◆ Work task:
Going line by line through the records below, write out everything starting with the line containing "A very nice" and going on through the line containing "a fire pit sitting", exactly and inclusively. Pictures do not go in.

◆ Source information:
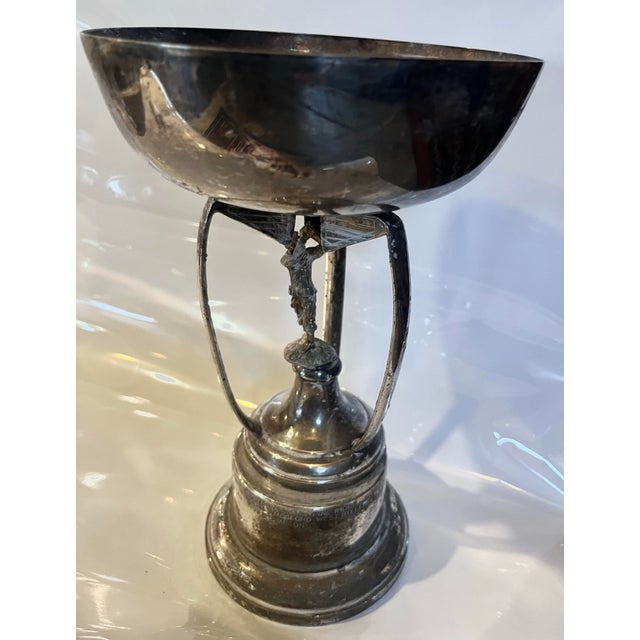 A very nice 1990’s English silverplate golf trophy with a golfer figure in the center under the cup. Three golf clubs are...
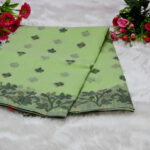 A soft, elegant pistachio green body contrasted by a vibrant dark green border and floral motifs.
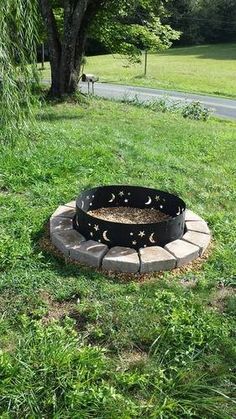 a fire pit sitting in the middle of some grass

...

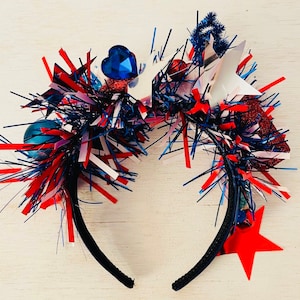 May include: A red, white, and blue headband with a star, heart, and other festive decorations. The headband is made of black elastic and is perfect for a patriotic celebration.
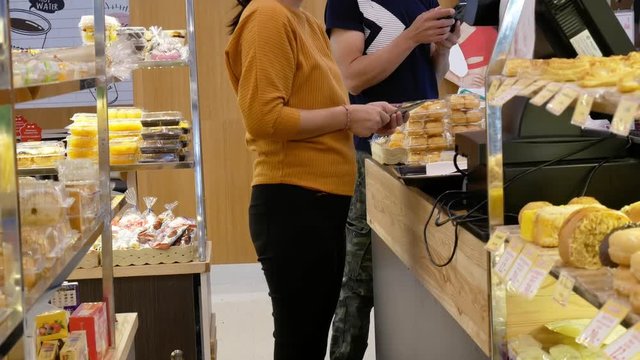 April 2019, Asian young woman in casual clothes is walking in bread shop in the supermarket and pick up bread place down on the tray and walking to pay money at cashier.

--

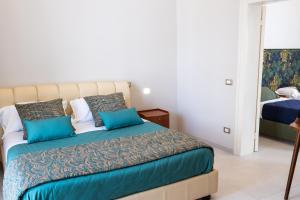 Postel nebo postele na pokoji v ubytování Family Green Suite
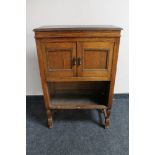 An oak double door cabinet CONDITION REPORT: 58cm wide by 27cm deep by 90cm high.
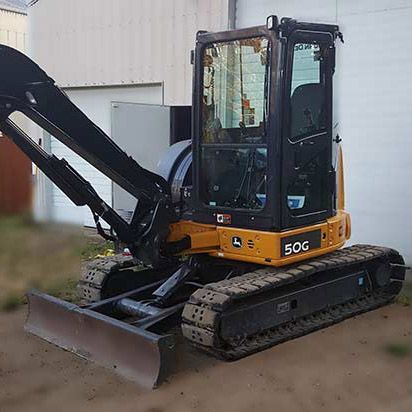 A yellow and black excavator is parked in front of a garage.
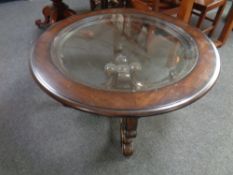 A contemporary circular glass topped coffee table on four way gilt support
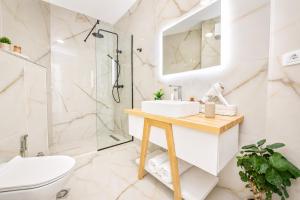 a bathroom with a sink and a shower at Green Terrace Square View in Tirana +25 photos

◆ Exercise solution:
 A very nice 1990’s English silverplate golf trophy with a golfer figure in the center under the cup. Three golf clubs are...
 A soft, elegant pistachio green body contrasted by a vibrant dark green border and floral motifs.
 a fire pit sitting in the middle of some grass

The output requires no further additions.